Small Business Private Equity
By: Paul Wormley
Earlier this week, I submitted a Letter of Intent to acquire a business that was introduced to us by an intermediary. We had engaged this intermediary under a finder’s fee agreement to target small businesses on our behalf.
Finder’s fees are also used when an intermediary is marketing a business for sale but the intermediary has not entered into a sell-side fee agreement with the business owner. Earlier this year, Hadley Capital acquired a small business under this type of arrangement.
Our standard finder’s fee agreement is based on a Lehman structure – roughly 5% of the first $1.0 million of value, 4% of the next $1.0 million, 3% of the next $1.0 million and 2% of the next $1.0 million and 1% of the remainder.

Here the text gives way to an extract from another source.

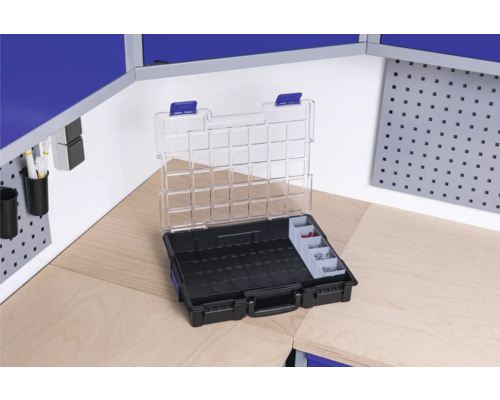 Boîte à outils ouverte avec compartiments sur un établi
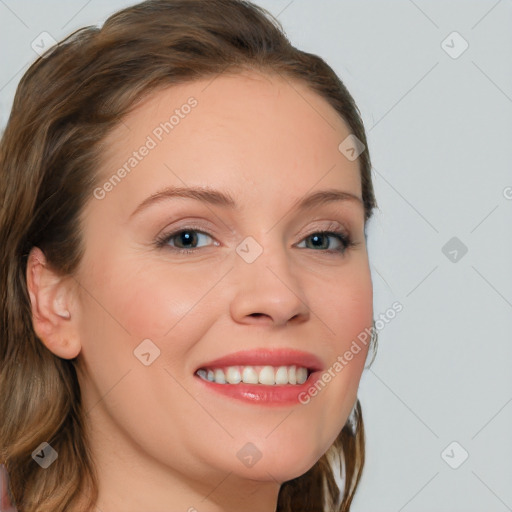 Joyful white young-adult female with long  brown hair and blue eyes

The “value” of the acquisition is typically the consideration to the seller at closing – cash, notes, assumption of debt, etc. – plus employment/consulting agreements, leases and other payments that are above fair market value. Our standard agreement also includes a minimum fee to the intermediary. Shoot me an email and I will send you a sample of Hadley Capital’s basic finder’s fee agreement.
When we enter into a finder’s fee agreement with an intermediary we promise a quick evaluation of the target and feedback to the intermediary regarding our level of interest. If we are not interested, we tell the intermediary quickly so he can market the opportunity to another buyer.